Created attachment 57703 [details] New patch setting link target through FileStore.setStringAttribute(String) Attached patch sets the link target by calling FileStore.setStringAttribute(String) as proposed, and thus works without changing the JNI method signature. It also contains some doc improvements in EFS#ATTR_SYMLINK, and correctly sets the FileSystem.attributes(). It remains to be clarified what version number the native library should get, and what other OS's besides Linux should get symlink support (Vista does provide symlinks now too!) I'm still pondering whether introducing IFileStore.getSymbolicLinkTarget() and IFileStore.isSymbolicLink() might be a better idea than IFileStore.getStringAttribute(). I'm going to write some test cases for the new functionality now.

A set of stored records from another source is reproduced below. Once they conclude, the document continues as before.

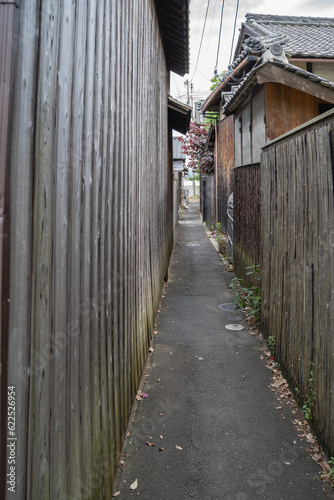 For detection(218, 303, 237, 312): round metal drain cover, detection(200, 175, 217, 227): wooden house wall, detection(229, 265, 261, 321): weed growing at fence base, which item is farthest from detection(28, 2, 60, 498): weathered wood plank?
detection(200, 175, 217, 227): wooden house wall

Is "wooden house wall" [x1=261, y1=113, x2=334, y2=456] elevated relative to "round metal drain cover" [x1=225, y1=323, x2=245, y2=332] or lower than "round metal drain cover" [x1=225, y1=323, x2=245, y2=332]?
elevated

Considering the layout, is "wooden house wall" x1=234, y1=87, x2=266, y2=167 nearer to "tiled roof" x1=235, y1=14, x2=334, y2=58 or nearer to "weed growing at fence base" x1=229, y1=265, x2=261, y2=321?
"tiled roof" x1=235, y1=14, x2=334, y2=58

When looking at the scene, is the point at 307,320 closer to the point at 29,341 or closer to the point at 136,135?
the point at 136,135

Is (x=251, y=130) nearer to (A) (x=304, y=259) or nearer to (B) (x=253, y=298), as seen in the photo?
(B) (x=253, y=298)

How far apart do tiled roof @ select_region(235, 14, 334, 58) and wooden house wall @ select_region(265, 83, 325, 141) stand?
1386 millimetres

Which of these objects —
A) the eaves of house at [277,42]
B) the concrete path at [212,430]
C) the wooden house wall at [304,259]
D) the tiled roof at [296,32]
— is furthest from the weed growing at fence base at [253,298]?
the tiled roof at [296,32]

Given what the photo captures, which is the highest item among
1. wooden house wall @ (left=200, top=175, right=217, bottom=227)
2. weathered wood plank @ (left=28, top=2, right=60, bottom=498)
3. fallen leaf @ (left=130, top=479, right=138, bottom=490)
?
wooden house wall @ (left=200, top=175, right=217, bottom=227)

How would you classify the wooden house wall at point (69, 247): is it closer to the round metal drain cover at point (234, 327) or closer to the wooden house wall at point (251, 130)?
the round metal drain cover at point (234, 327)

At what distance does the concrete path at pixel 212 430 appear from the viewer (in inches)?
113

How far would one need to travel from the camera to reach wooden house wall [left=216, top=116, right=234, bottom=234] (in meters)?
13.5

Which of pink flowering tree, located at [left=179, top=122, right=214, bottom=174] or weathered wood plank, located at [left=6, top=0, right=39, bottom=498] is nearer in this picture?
weathered wood plank, located at [left=6, top=0, right=39, bottom=498]

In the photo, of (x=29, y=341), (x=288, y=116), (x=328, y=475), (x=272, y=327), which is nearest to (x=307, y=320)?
(x=328, y=475)

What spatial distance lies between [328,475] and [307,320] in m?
1.29

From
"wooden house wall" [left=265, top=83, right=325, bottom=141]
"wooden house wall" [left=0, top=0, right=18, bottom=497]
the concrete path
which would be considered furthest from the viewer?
A: "wooden house wall" [left=265, top=83, right=325, bottom=141] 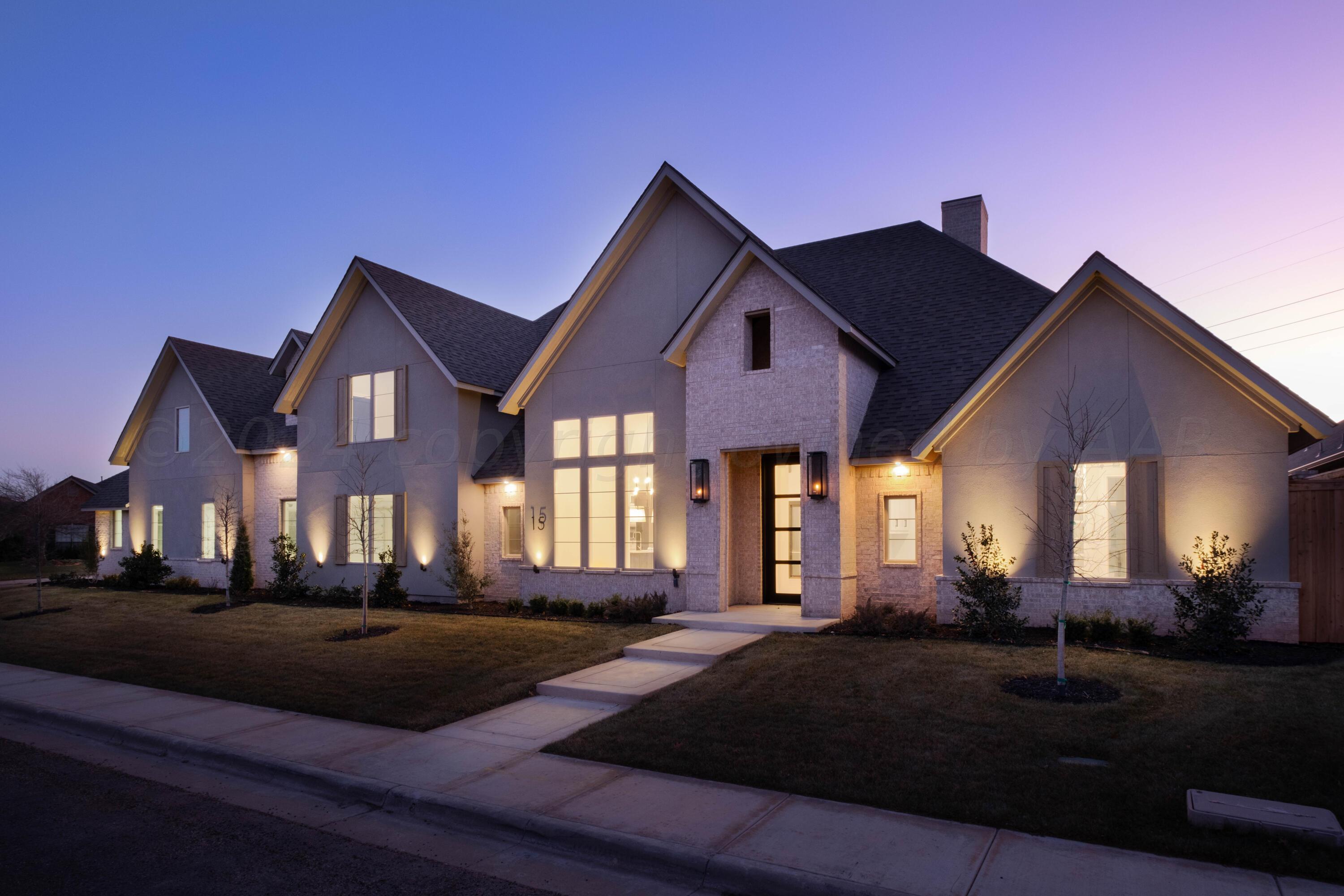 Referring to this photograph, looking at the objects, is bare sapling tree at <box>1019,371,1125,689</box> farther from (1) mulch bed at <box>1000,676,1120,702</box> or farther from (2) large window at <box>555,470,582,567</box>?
(2) large window at <box>555,470,582,567</box>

Created attachment 57737 [details] Final patch tested on Linux Attached is a final patch tested on Linux through the unit tests attached to bug 172062. It turns out that setting the link target through FileInfo.setStringAttribute(String) is problematic since JNI native code can only create Strings as UTF-8. This is fine on Linux (where UTF-8 is the default encoding) but may be problematic on other Platforms. The problem is, that JNI native code doesn't have access to most Java classes for converting charsets since the OSGi non-standard class loaders are not accessible from JNI. One way around this might be to add static public String FileInfo.fromPlatformBytes(byte[] chars) { return new String(chars); } since the FileInfo object and class are known to be available in JNI. Another option is to allow void FileInfo.setStringAttribute(byte[] platformBytes) in addition to the variant taking a String. The other thing is that I still feel that String IFileInfo.getSymbolicLinkTarget() void FileInfo.setSymbolicLinkTarget() might be more appropriate and easier to document than getStringAttribute(). And, the version number of the plugin as well as the native library needs to be clarified (I suppose it should be liblocalfile_1_1_0.so and similar on all platforms).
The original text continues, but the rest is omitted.